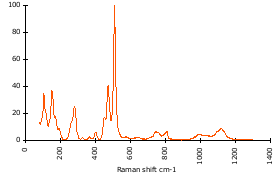 Raman Spectrum of Orthoclase (40)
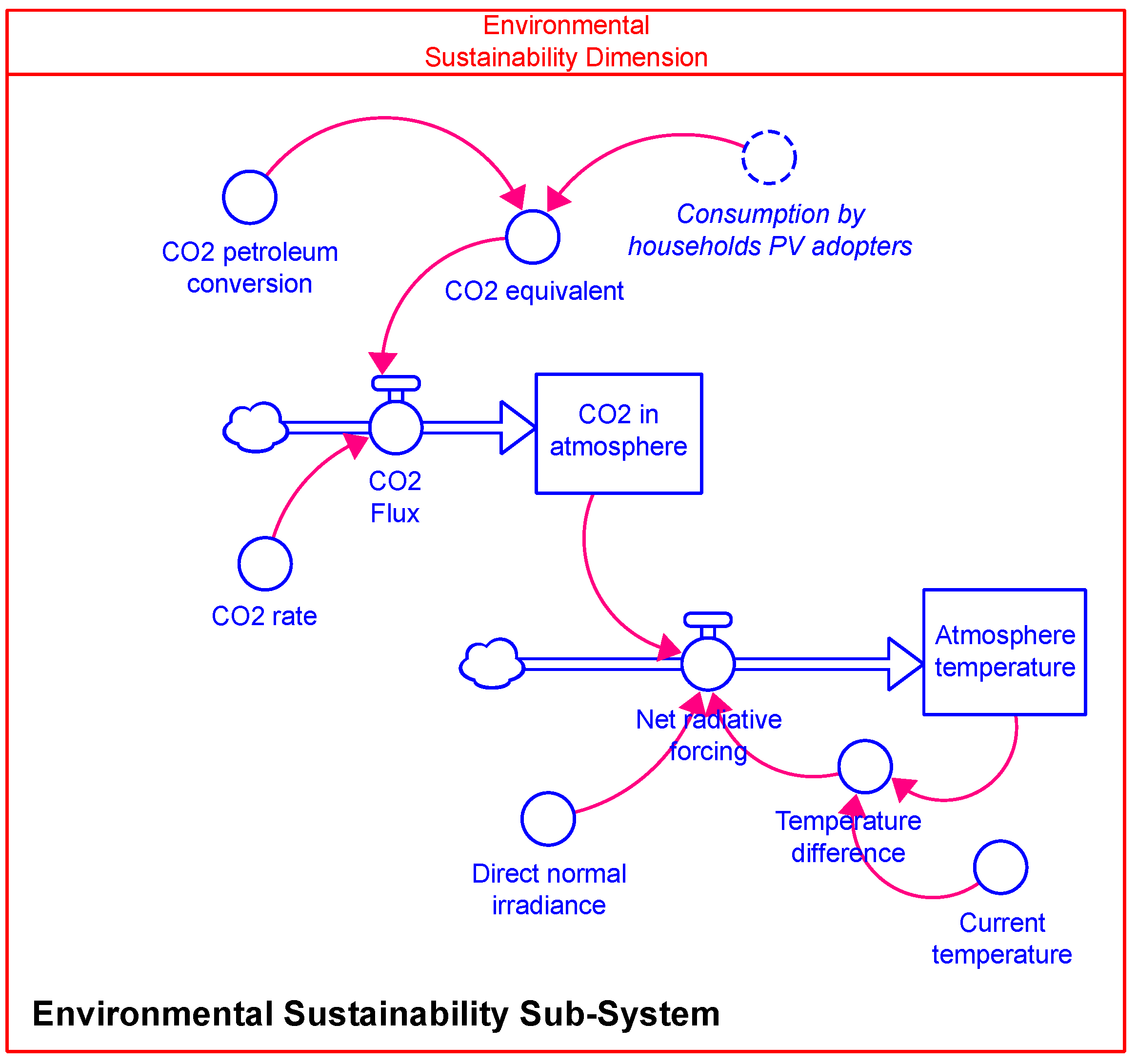Energies 18 01409 g005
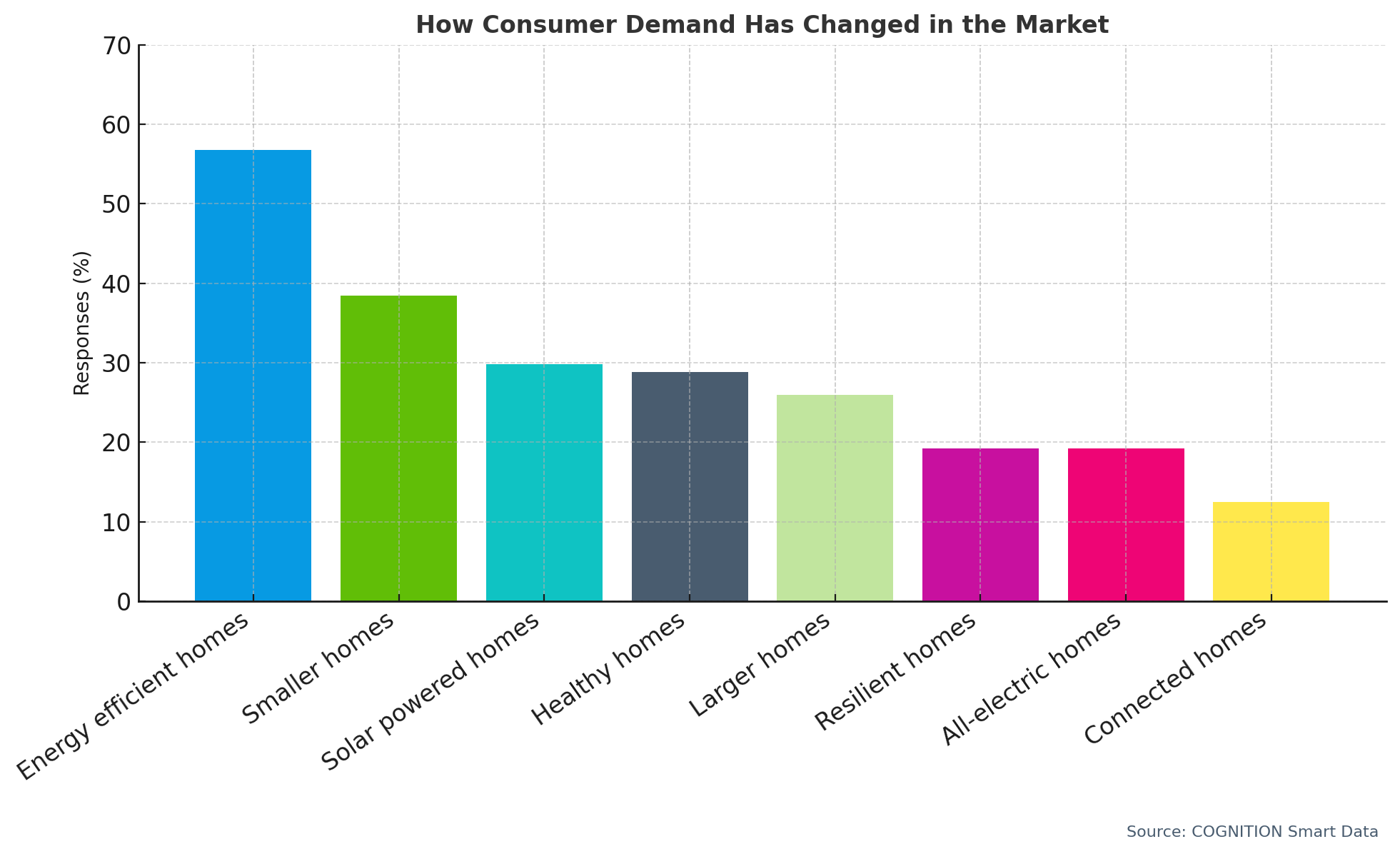 Q18 How has consumer demand changed in your market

***

Output, word for word, the full listing above, with no pictures.

Output of the exercise
 Raman Spectrum of Orthoclase (40)
Energies 18 01409 g005
 Q18 How has consumer demand changed in your market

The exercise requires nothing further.